╔══
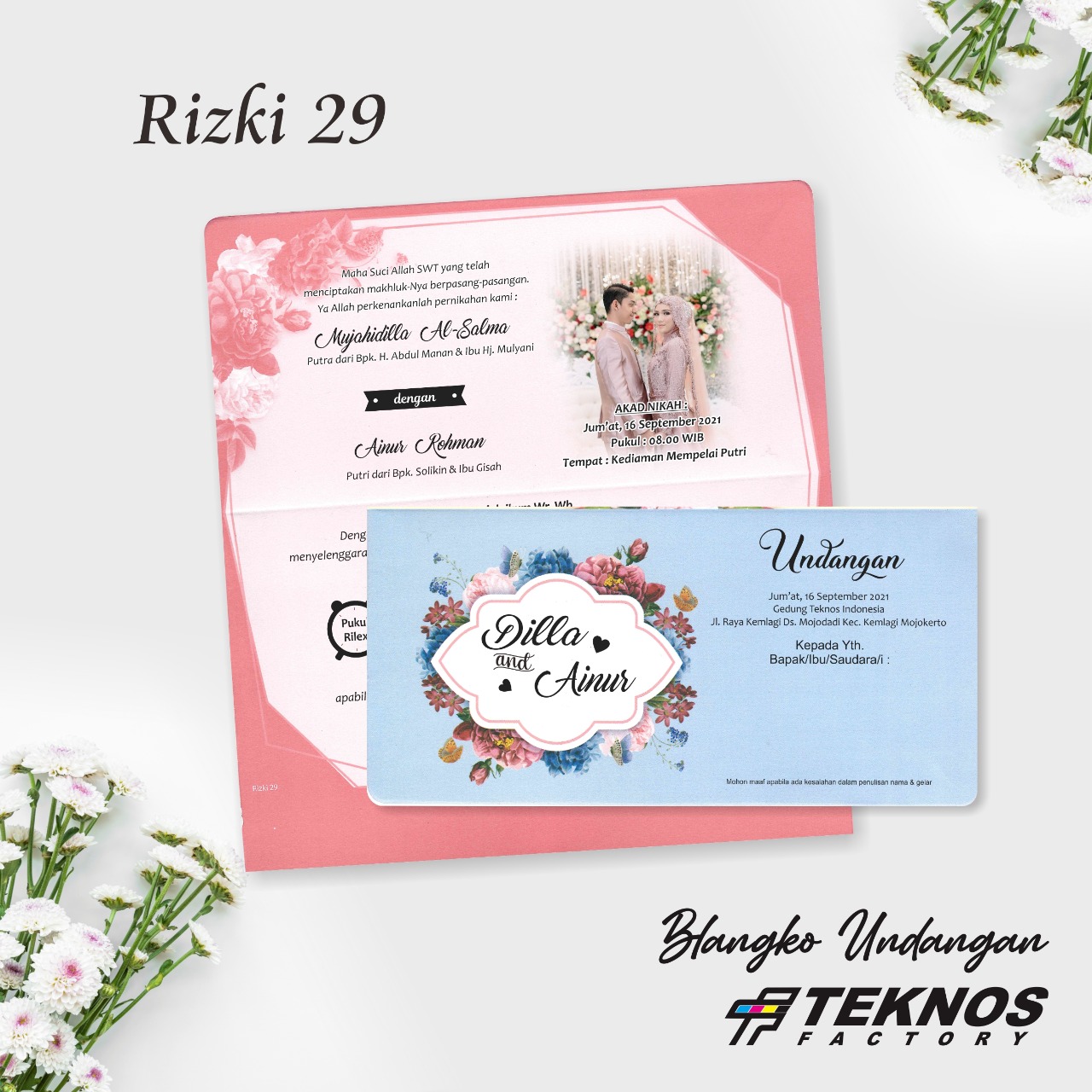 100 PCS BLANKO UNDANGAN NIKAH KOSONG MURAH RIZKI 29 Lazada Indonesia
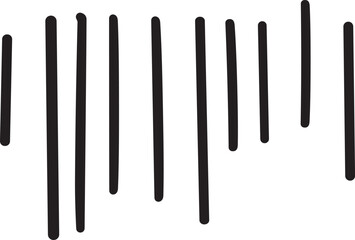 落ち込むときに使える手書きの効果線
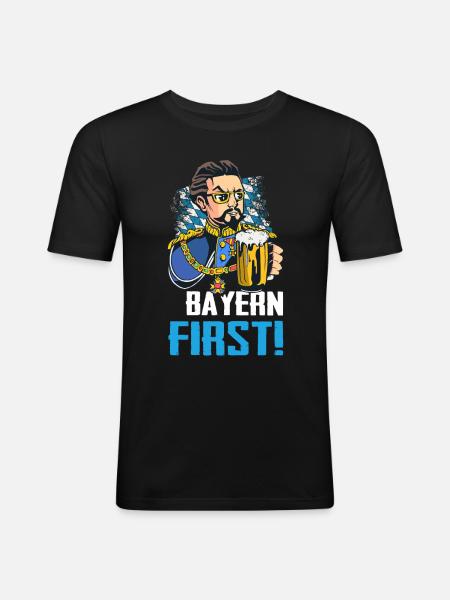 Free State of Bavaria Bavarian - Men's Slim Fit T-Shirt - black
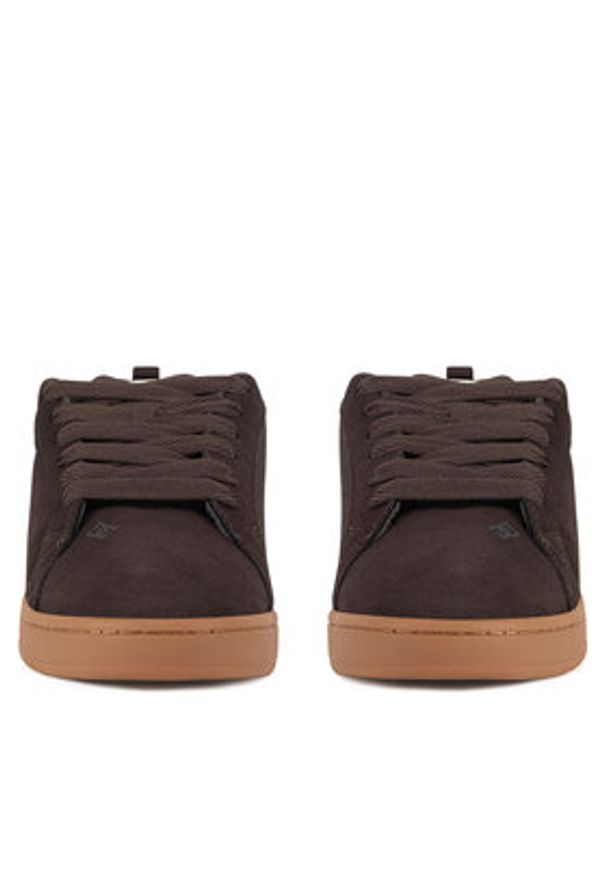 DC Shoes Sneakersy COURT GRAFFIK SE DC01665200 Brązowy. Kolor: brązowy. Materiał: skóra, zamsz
╚══
* _WHAT THE TASK ASKS_
Omit the pictures, then copy out all the data exactly as it stands.

* _SOLUTION FOR THIS PROBLEM_
 100 PCS BLANKO UNDANGAN NIKAH KOSONG MURAH RIZKI 29 Lazada Indonesia
 落ち込むときに使える手書きの効果線
 Free State of Bavaria Bavarian - Men's Slim Fit T-Shirt - black
 DC Shoes Sneakersy COURT GRAFFIK SE DC01665200 Brązowy. Kolor: brązowy. Materiał: skóra, zamsz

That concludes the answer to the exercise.